§ Input for this task
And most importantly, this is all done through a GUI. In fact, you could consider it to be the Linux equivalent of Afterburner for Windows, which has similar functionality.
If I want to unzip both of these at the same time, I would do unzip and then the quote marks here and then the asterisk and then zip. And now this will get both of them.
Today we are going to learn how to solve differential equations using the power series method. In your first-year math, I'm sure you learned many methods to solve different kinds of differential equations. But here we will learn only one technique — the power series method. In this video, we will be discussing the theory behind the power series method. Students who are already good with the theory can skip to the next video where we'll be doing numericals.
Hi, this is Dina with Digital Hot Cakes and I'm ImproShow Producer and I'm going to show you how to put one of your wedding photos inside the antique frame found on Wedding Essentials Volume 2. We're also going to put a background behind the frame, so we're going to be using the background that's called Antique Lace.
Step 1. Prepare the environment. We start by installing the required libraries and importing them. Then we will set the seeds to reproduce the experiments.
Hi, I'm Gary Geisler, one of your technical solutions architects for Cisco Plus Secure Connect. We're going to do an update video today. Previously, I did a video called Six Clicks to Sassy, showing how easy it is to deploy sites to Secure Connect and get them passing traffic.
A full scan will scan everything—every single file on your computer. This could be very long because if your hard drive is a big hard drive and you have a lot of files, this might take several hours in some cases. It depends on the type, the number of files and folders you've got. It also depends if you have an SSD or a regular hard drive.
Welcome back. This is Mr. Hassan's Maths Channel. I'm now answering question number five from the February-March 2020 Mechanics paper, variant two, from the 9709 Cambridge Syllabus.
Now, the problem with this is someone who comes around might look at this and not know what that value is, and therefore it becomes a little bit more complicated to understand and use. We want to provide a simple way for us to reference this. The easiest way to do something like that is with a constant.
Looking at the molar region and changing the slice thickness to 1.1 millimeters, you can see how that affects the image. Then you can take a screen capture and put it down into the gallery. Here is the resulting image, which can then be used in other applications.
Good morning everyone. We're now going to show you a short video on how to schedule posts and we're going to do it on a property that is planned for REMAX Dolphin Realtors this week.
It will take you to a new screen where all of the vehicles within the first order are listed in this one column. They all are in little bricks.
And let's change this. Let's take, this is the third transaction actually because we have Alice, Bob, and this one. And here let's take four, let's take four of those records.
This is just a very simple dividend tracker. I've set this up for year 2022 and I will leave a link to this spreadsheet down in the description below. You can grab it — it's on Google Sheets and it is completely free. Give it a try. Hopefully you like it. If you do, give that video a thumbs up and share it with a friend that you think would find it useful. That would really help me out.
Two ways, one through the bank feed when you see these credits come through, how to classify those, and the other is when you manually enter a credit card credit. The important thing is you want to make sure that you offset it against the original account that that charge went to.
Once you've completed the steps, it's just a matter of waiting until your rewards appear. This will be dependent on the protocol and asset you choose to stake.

§ Aim of the exercise
In the listing above, locate the line with "Today we are" and the line with "Step 1. Prepare", then extract exactly those lines and every line between them, and nothing more.

§ Answer box
Today we are going to learn how to solve differential equations using the power series method. In your first-year math, I'm sure you learned many methods to solve different kinds of differential equations. But here we will learn only one technique — the power series method. In this video, we will be discussing the theory behind the power series method. Students who are already good with the theory can skip to the next video where we'll be doing numericals.
Hi, this is Dina with Digital Hot Cakes and I'm ImproShow Producer and I'm going to show you how to put one of your wedding photos inside the antique frame found on Wedding Essentials Volume 2. We're also going to put a background behind the frame, so we're going to be using the background that's called Antique Lace.
Step 1. Prepare the environment. We start by installing the required libraries and importing them. Then we will set the seeds to reproduce the experiments.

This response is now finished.